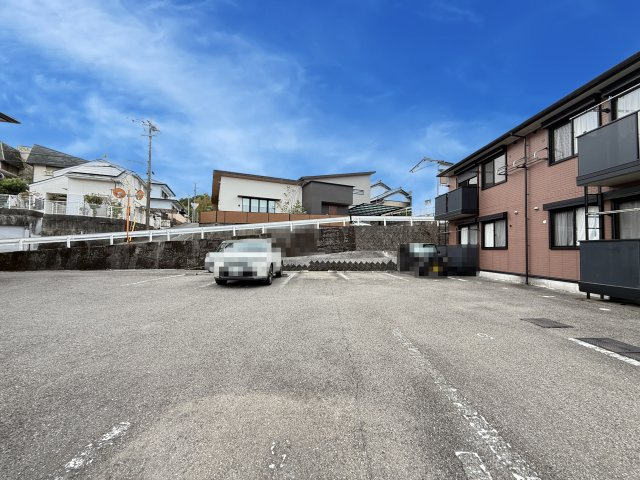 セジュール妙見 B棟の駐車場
* * *
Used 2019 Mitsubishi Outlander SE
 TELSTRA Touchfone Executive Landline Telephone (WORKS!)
---
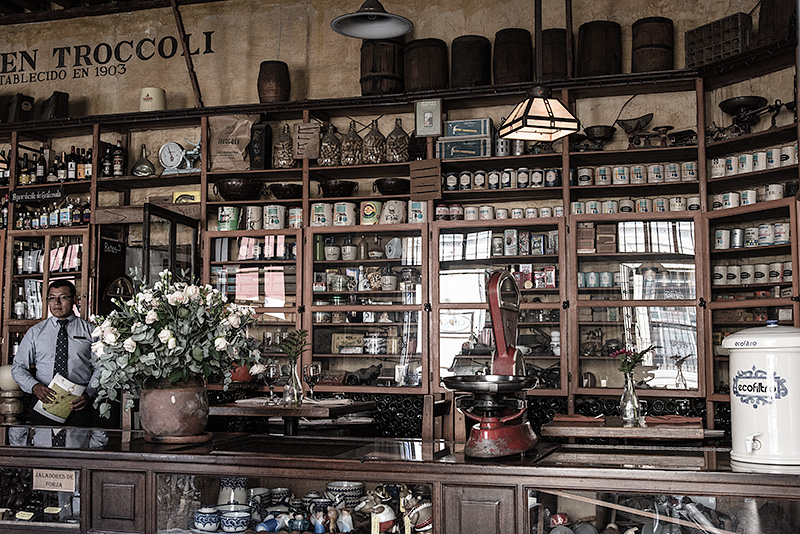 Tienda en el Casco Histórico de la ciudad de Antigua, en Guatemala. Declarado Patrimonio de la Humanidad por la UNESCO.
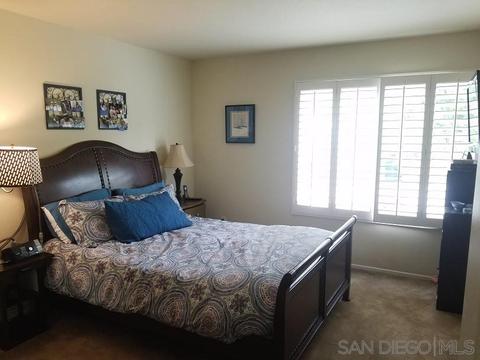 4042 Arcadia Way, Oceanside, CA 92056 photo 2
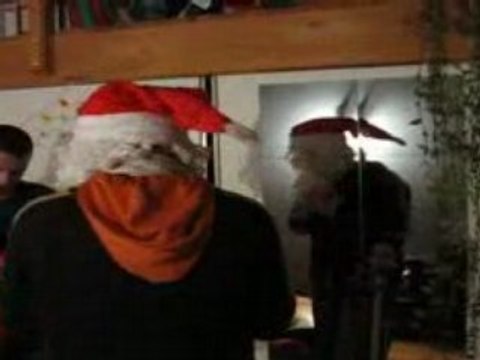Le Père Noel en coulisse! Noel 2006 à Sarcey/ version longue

● **Problem**
Can you repeat, word for word, every line above from the one containing "Used 2019 Mitsubishi Outlander SE" down to the one containing "TELSTRA Touchfone Executive", including both?

● **Answer space**
Used 2019 Mitsubishi Outlander SE
 TELSTRA Touchfone Executive Landline Telephone (WORKS!)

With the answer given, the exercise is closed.